* _Description of the task_
The records underneath are to be printed in full and exactly, with no pictures carried over.

#### Given entries

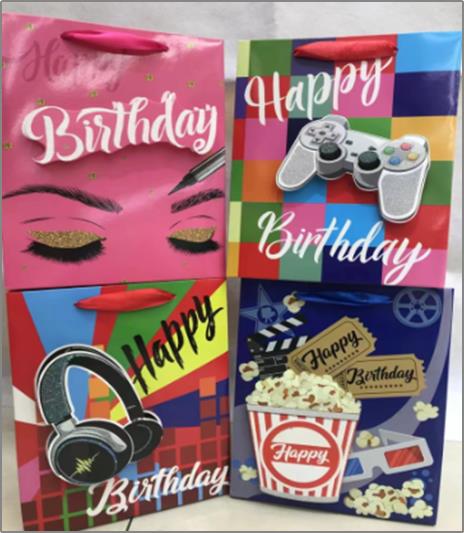 006102 Pachet cadou 3D 40*30.5*13cm (set 12 buc.)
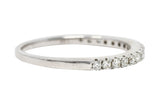 Contemporary 0.30 CTW Diamond 18 Karat White Gold Band RingRing - Wilson's Estate Jewelry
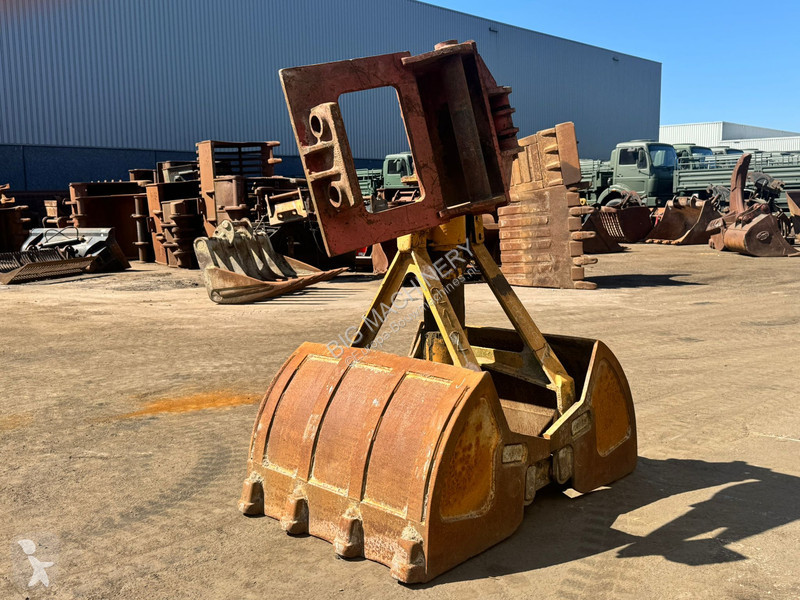 Vybavenie stavebného stroja  Clamshell grapple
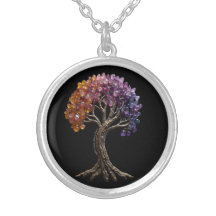 De vier seizoenen boom van het leven Ketting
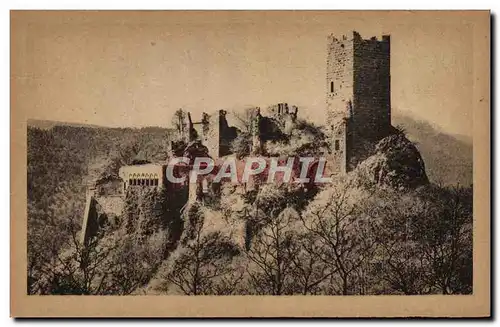 Ansichtskarte AK Ribeauville Le chateau St Ulrich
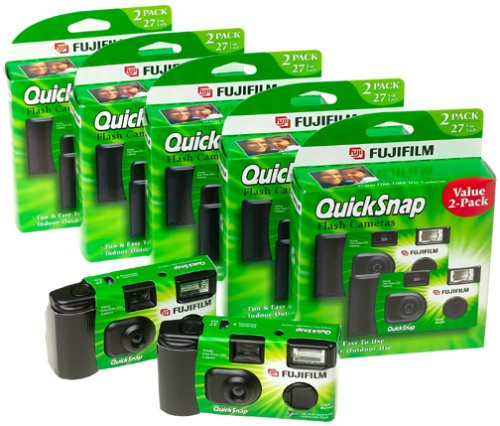 Fuji 35mm QuickSnap Single Use Camera, 400 ASA (FUJ7033661) Category: Single Use Cameras (Discontinu | Amazon (US)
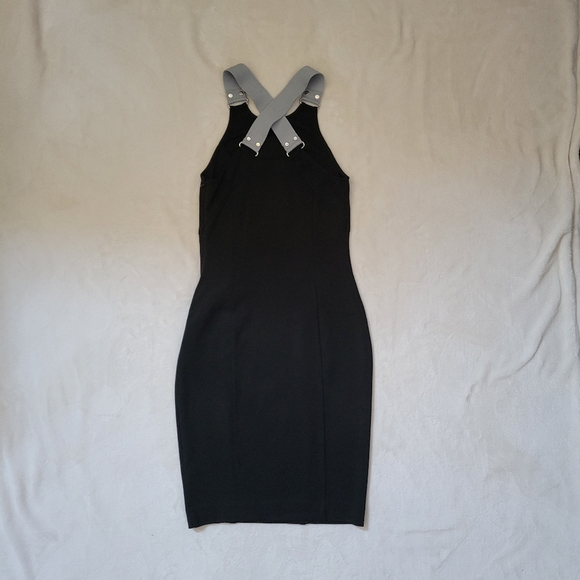 Armani Exchange Bodycon Dress black new no tags - Picture 5 of 7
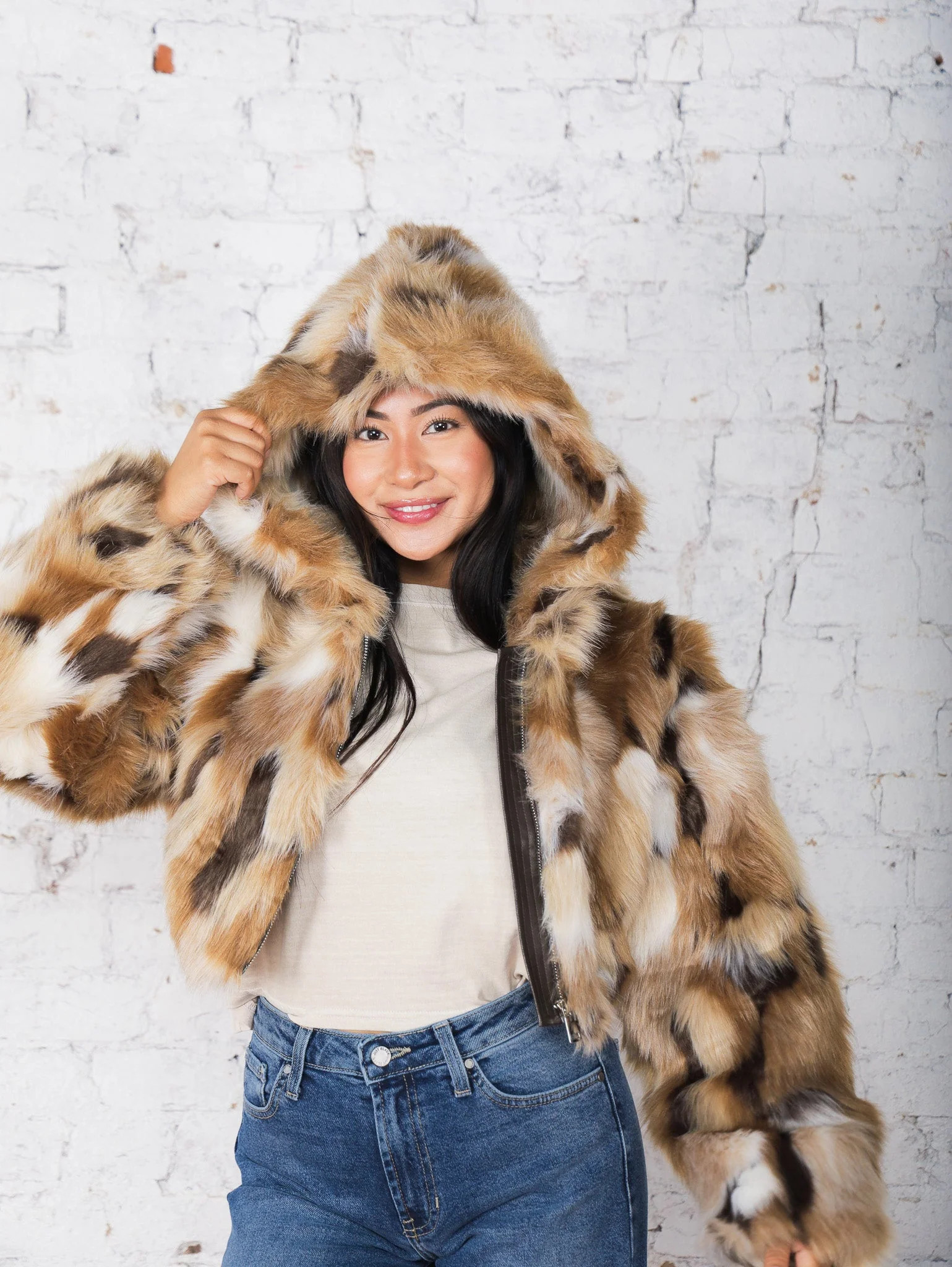 Fennec Fur Jacket - Molly Green | Molly Green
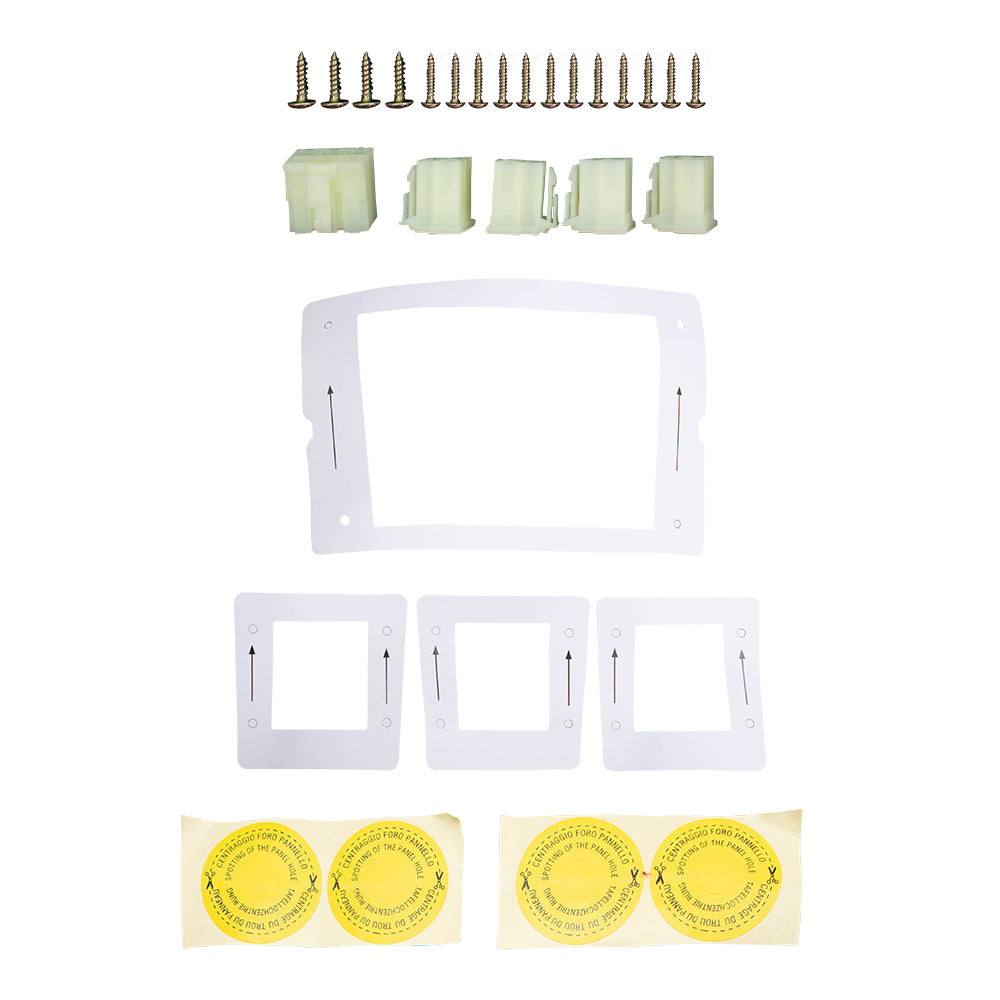 Brock Replacement Universal Electric Power WindowRegulator Spal Type Conversion Kit for 4- Door Pickup SUV Van Car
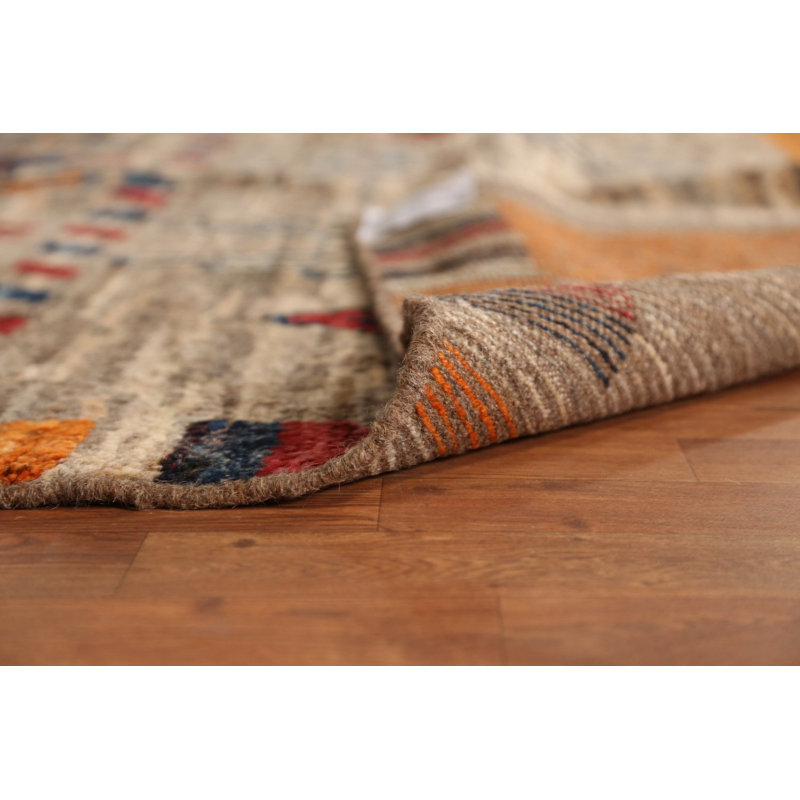Tapis à motif géométrique oriental marocain 7 x 10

########

* _Solved exercise_
 006102 Pachet cadou 3D 40*30.5*13cm (set 12 buc.)
 Contemporary 0.30 CTW Diamond 18 Karat White Gold Band RingRing - Wilson's Estate Jewelry
 Vybavenie stavebného stroja  Clamshell grapple
 De vier seizoenen boom van het leven Ketting
 Ansichtskarte AK Ribeauville Le chateau St Ulrich
 Fuji 35mm QuickSnap Single Use Camera, 400 ASA (FUJ7033661) Category: Single Use Cameras (Discontinu | Amazon (US)
 Armani Exchange Bodycon Dress black new no tags - Picture 5 of 7
 Fennec Fur Jacket - Molly Green | Molly Green
 Brock Replacement Universal Electric Power WindowRegulator Spal Type Conversion Kit for 4- Door Pickup SUV Van Car
Tapis à motif géométrique oriental marocain 7 x 10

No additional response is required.